_Exercise objective_
Exact copies of the records below are needed, free of pictures.
[Given records Boundary: Start]
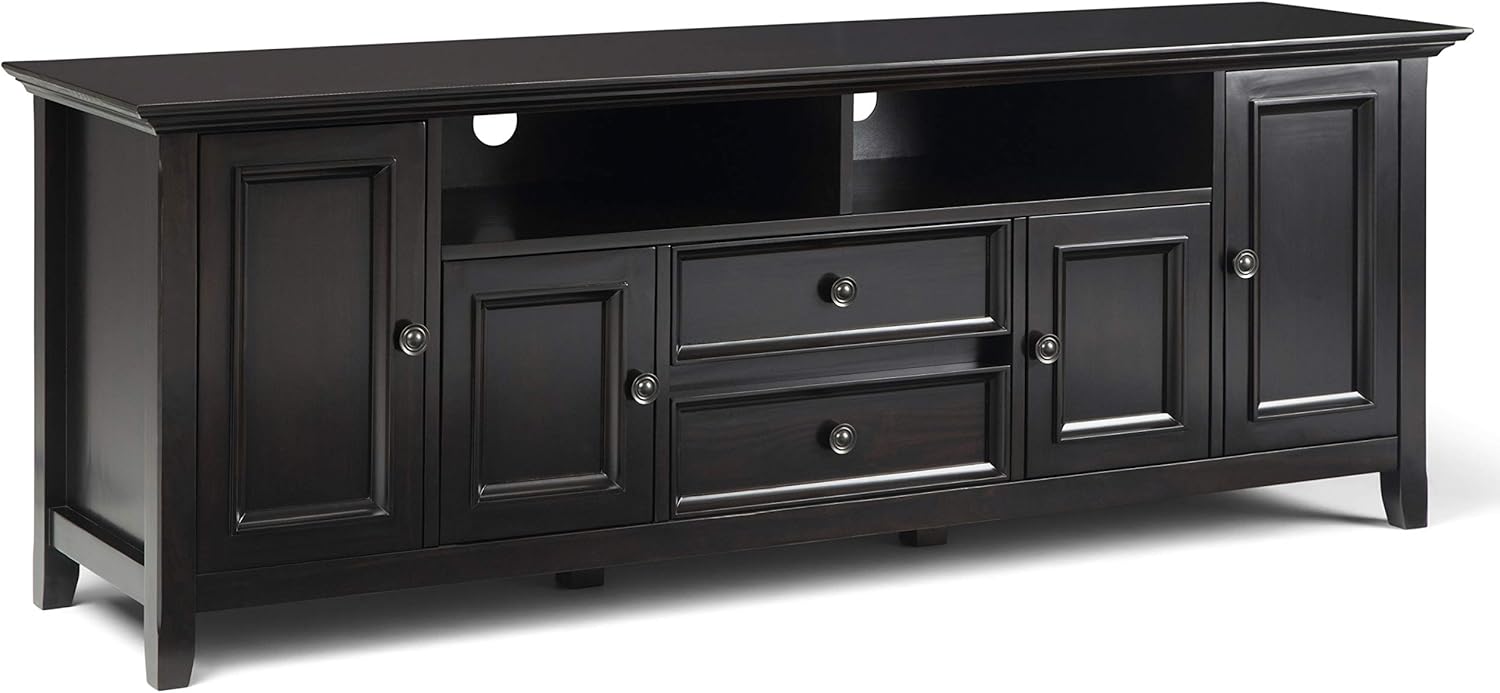 72 inch Solid Wood TV Media Stand with Storage Shelves and Cabinets Q466420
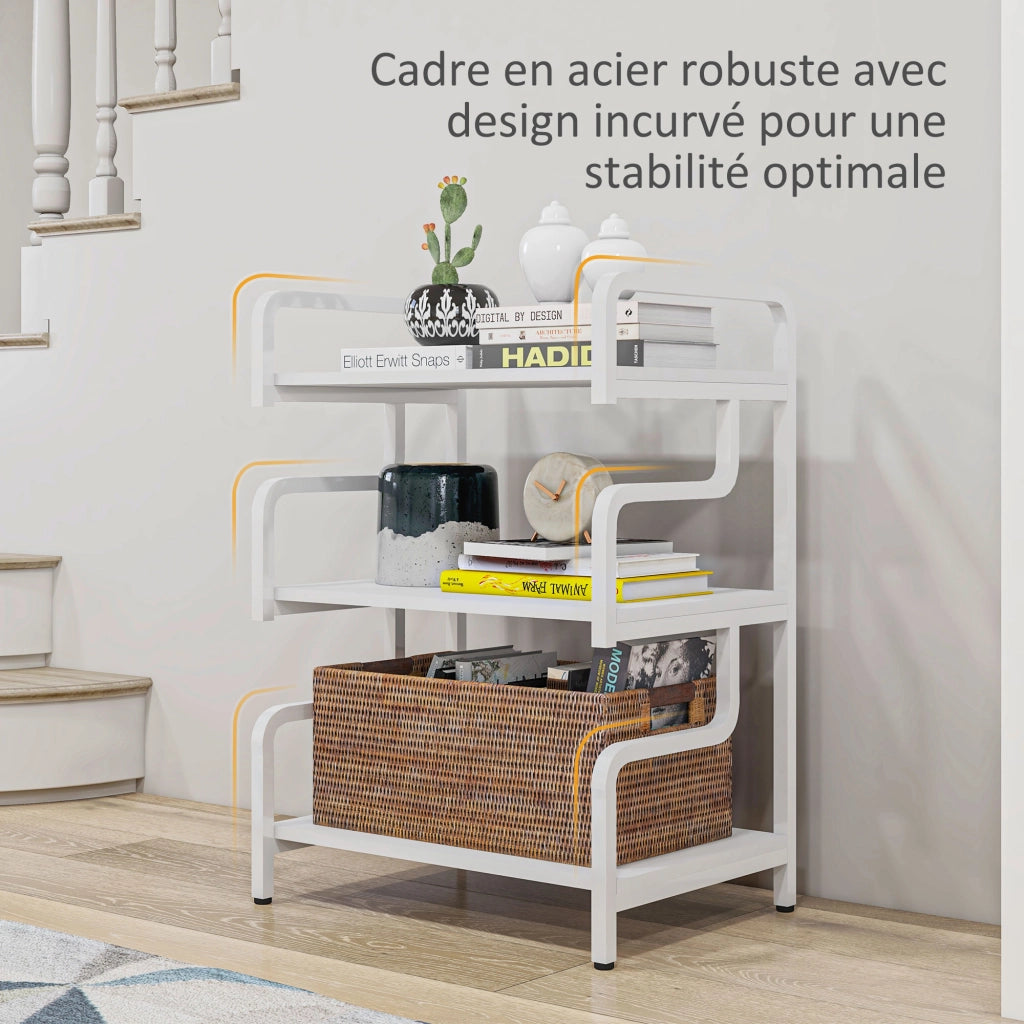 Libreria a 3 livelli ¨C zephmum ¨C in metallo, design industriale, bianco, 55x40x77 cm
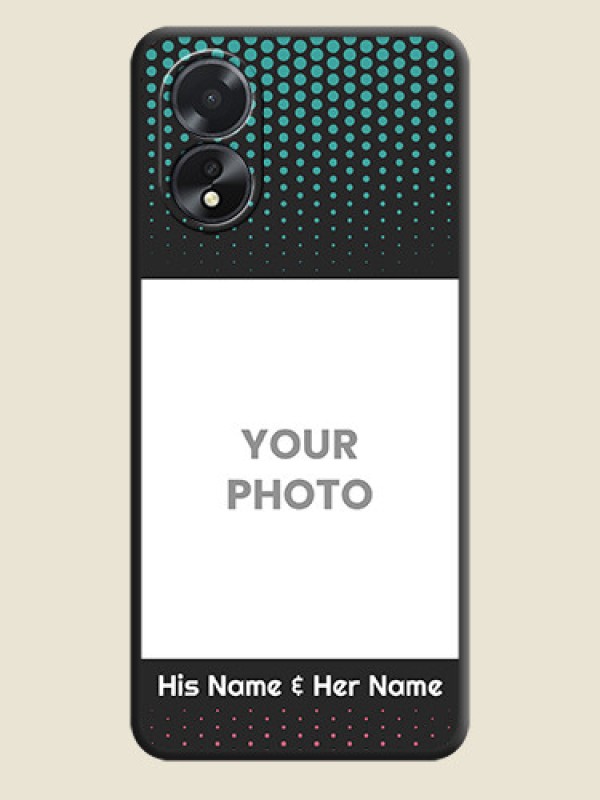 Custom Faded Dots with Grunge Photo Frame and Text on Space Black Custom Soft Matte Phone Cases - Oppo A38 - alternate view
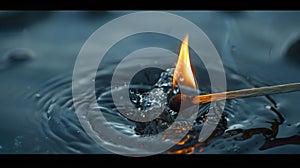 Burning matchstick with extinguishing flame on water surface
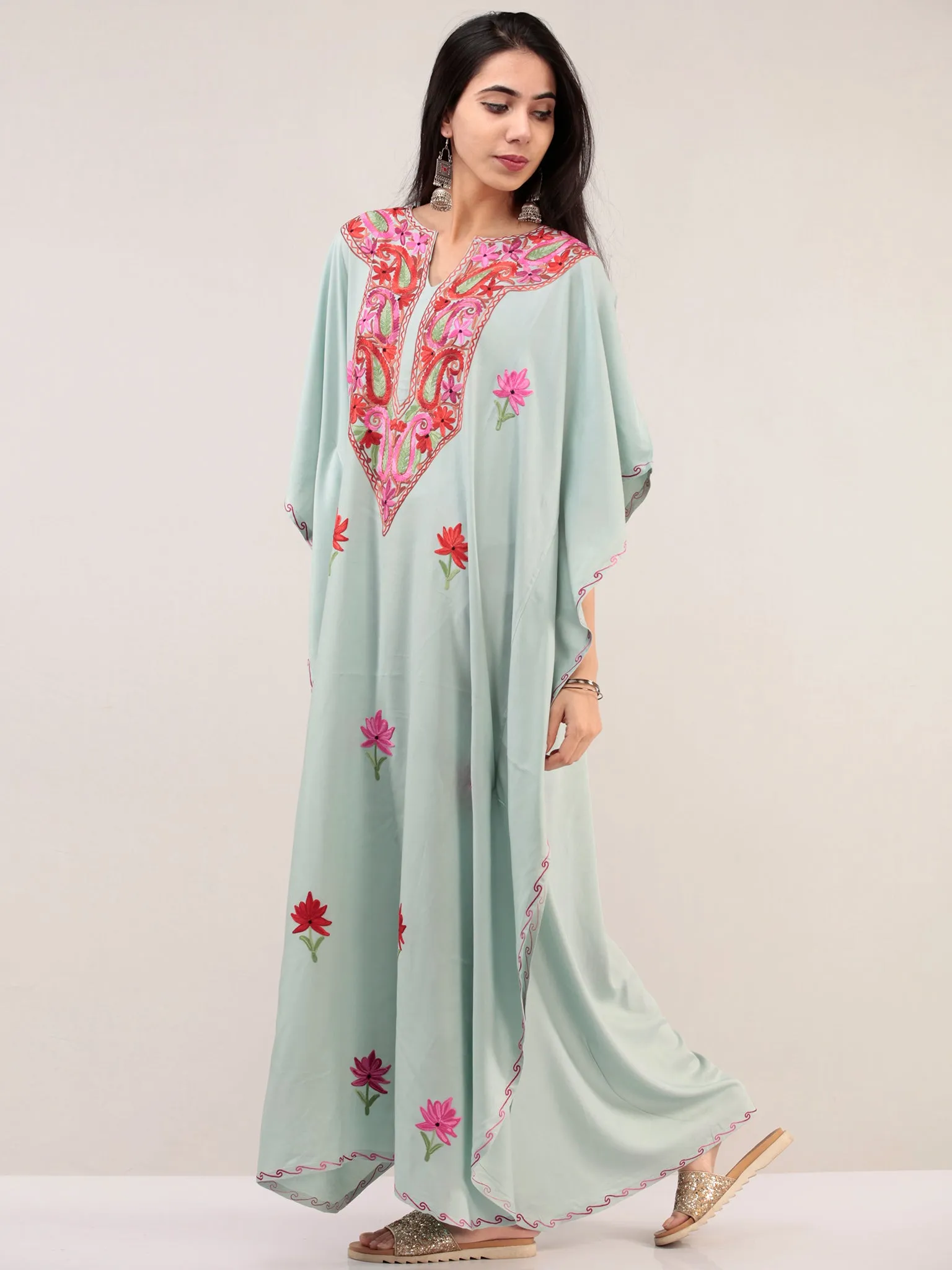 Pastel Green Aari Embroidered Kashmere Free Size Kaftan  - K12K058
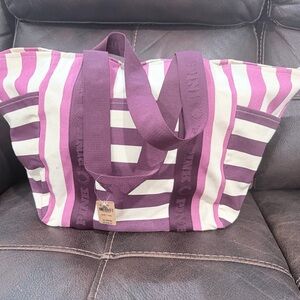Striped Canvas Tote Bag in Purple and Cream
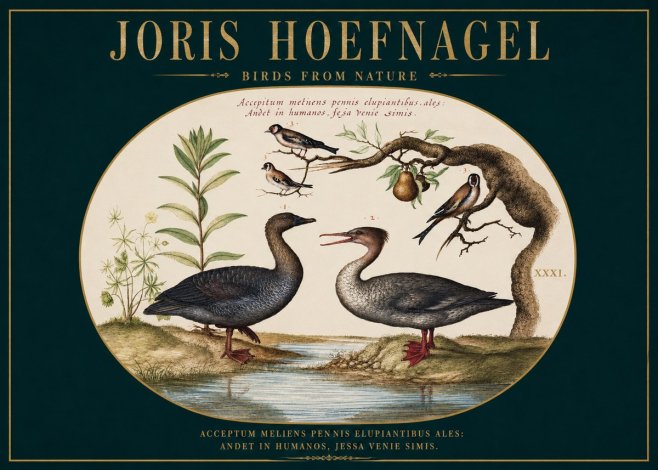 Joris Hoefnagel Acceptiem Meliens Pennis Fupidantibus Ales No3 - Poster
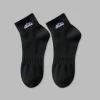 Men's 2 Pairs Ankle Socks Running Socks Black White Color Plain Casual Daily Basic Medium Four Seasons Fashion Breathable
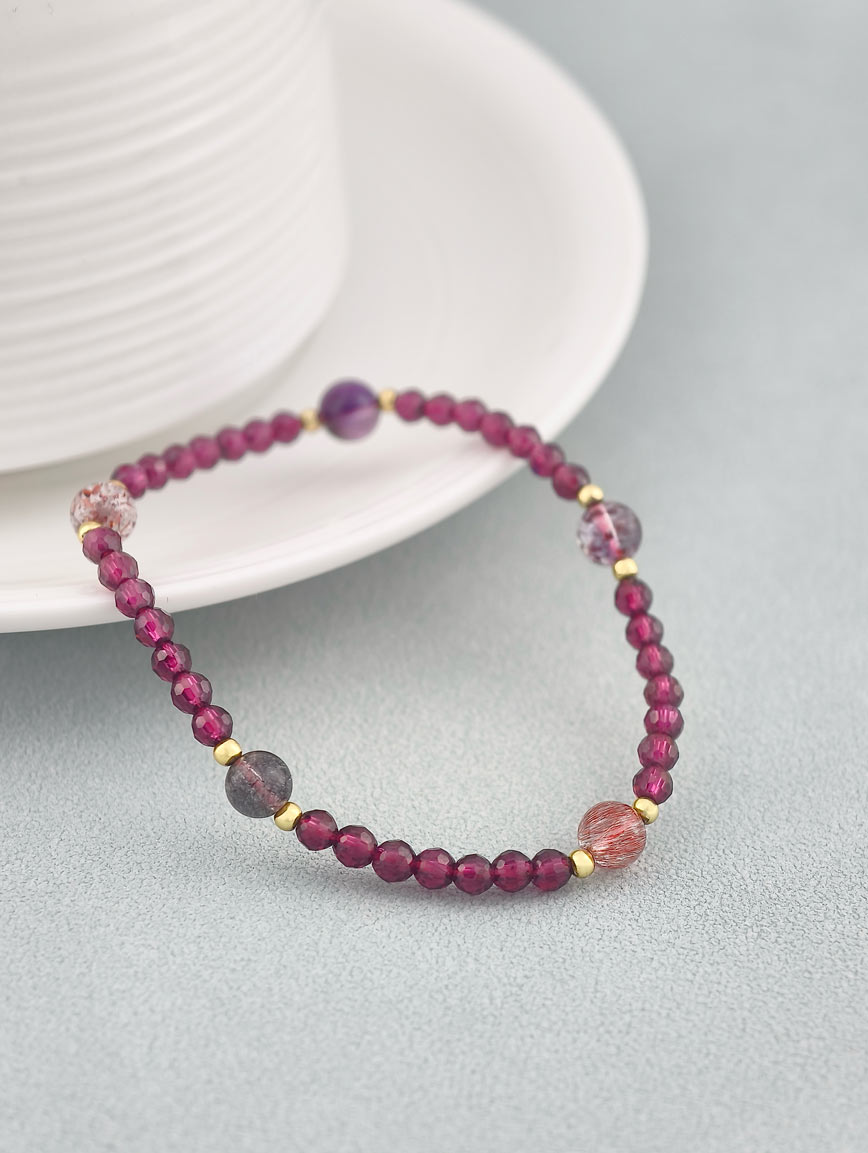 Natural Garnet and Super Seven Elegant Bracelet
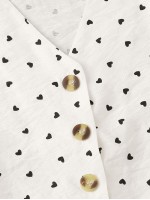 Button Front Knotted Hem Heart Print Blouse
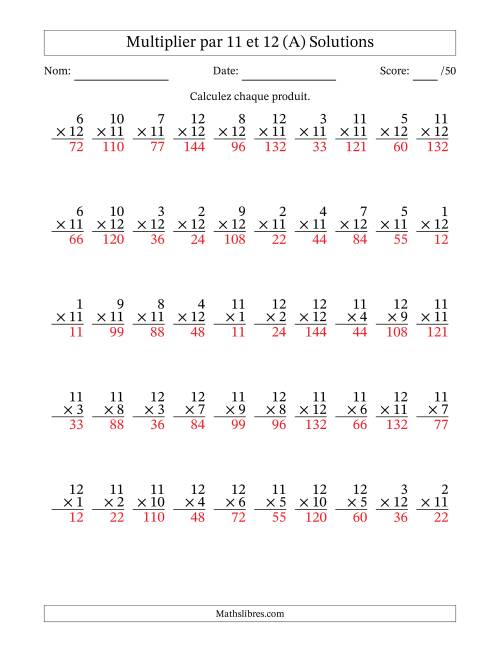 Multiplier (1 à 12) par 11 et 12 (50 Questions) (A) page 2
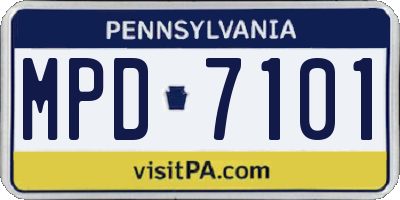 PA license plate MPD7101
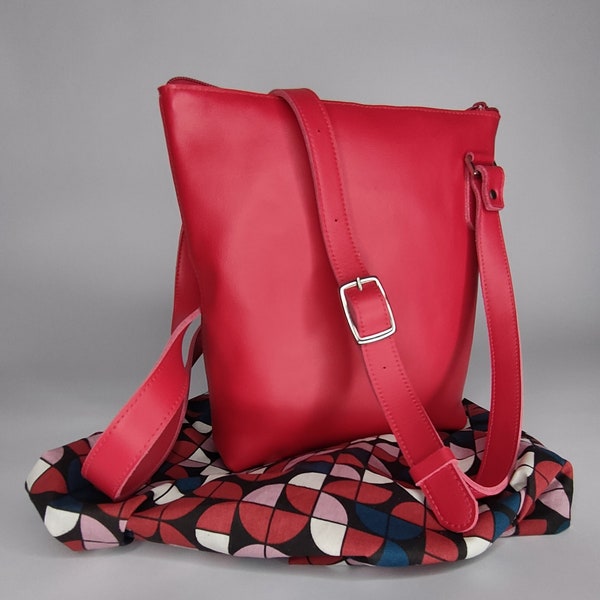 Sac à bandoulière en cuir rouge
[Given records Boundary: End]
_Completed exercise_
 72 inch Solid Wood TV Media Stand with Storage Shelves and Cabinets Q466420
 Libreria a 3 livelli ¨C zephmum ¨C in metallo, design industriale, bianco, 55x40x77 cm
 Custom Faded Dots with Grunge Photo Frame and Text on Space Black Custom Soft Matte Phone Cases - Oppo A38 - alternate view
 Burning matchstick with extinguishing flame on water surface
 Pastel Green Aari Embroidered Kashmere Free Size Kaftan  - K12K058
Striped Canvas Tote Bag in Purple and Cream
 Joris Hoefnagel Acceptiem Meliens Pennis Fupidantibus Ales No3 - Poster
 Men's 2 Pairs Ankle Socks Running Socks Black White Color Plain Casual Daily Basic Medium Four Seasons Fashion Breathable
 Natural Garnet and Super Seven Elegant Bracelet
 Button Front Knotted Hem Heart Print Blouse
 Multiplier (1 à 12) par 11 et 12 (50 Questions) (A) page 2
 PA license plate MPD7101
 Sac à bandoulière en cuir rouge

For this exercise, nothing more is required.